5.05.2006

V

V. Penso que, apesar de tudo, ainda não te conheço. Que o teu corpo é ainda uma incógnita na ideia que dele faço. Conheço-te tão bem como conheço os pássaros que afago na concha dos dedos. Mas não lhes sei o interior, a alma, o desejo visceral de viver: a sua fome, a sua sede: de onde nascem e quando se saciam. És um mundo inteiro perto de mim – que desconheço –, fonte de calor e bafo de prazer nas horas da noite. Não sei o que te dizes quando te calas, quando me olhas sem dizer nada.
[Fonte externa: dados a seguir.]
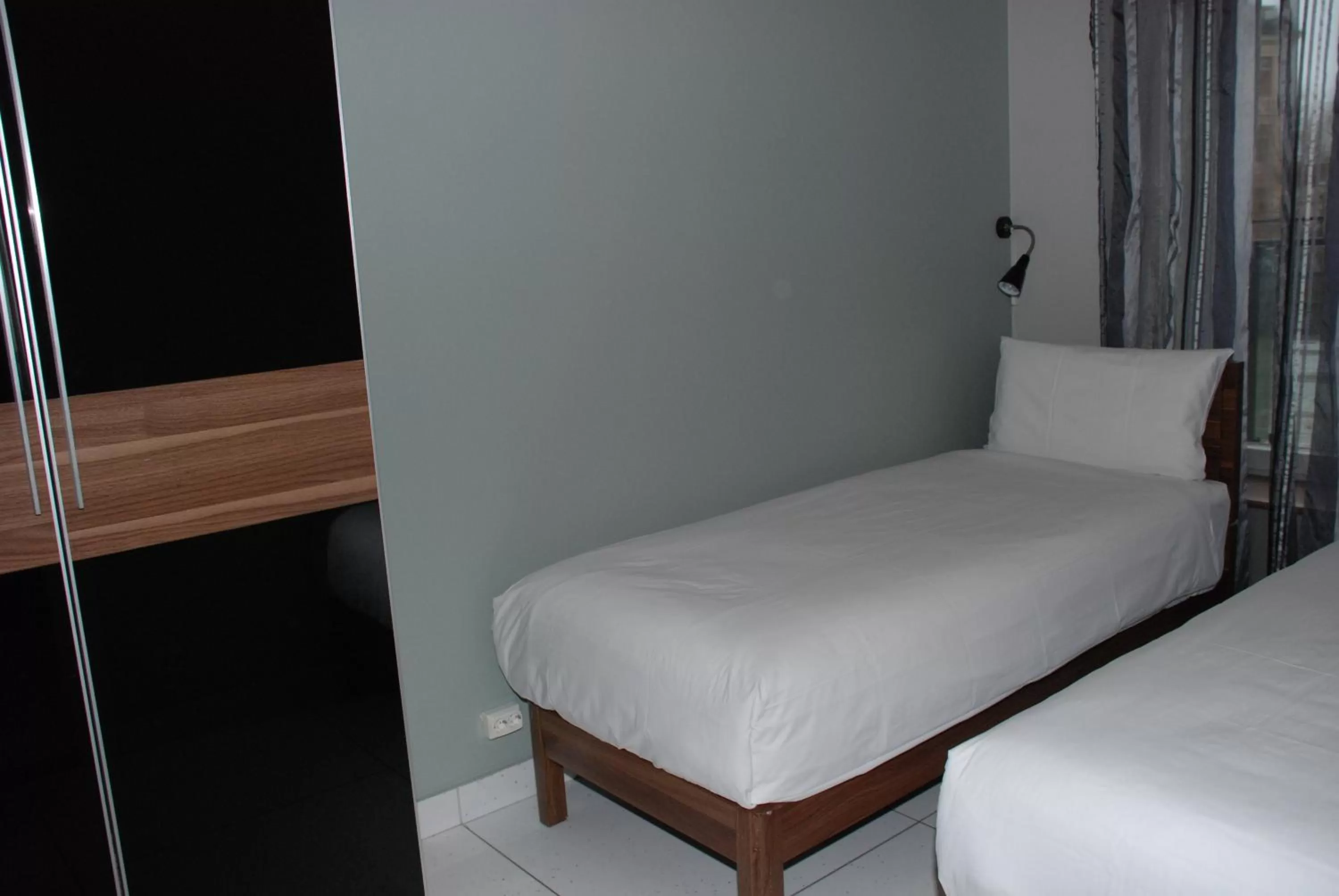 Bed in Central City Apartments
O que decifro em ti são os teus olhos, a tua face subitamente transformada em vale aberto de sorrisos, de lágrimas e de outros estados de alma que não sei dizer aqui. Pronuncio-te, e revivem no meu corpo sensações firmes que descobri ao teu lado e em ti. Proliferas na atmosfera que respiro, e não me canso de repetir palavras tuas se não estás, e de fundir em cores, no mapa das palavras, tudo o que és e alimentas em mim, teu protegido e protector. Há árvores que me lembram tudo o que és: braços estendidos e livres, dirigidos ao infinito de uma altura que não se mede, propondo a liberdade dos corpos e das formas; da alma e dos sentimentos. Procuro-te, por isso, nos jardins, nos bosques livres e nos musgos das pedras; nas carcódias dos pinhos bravos e nos carvalhais de Outono, libertos de folhagem.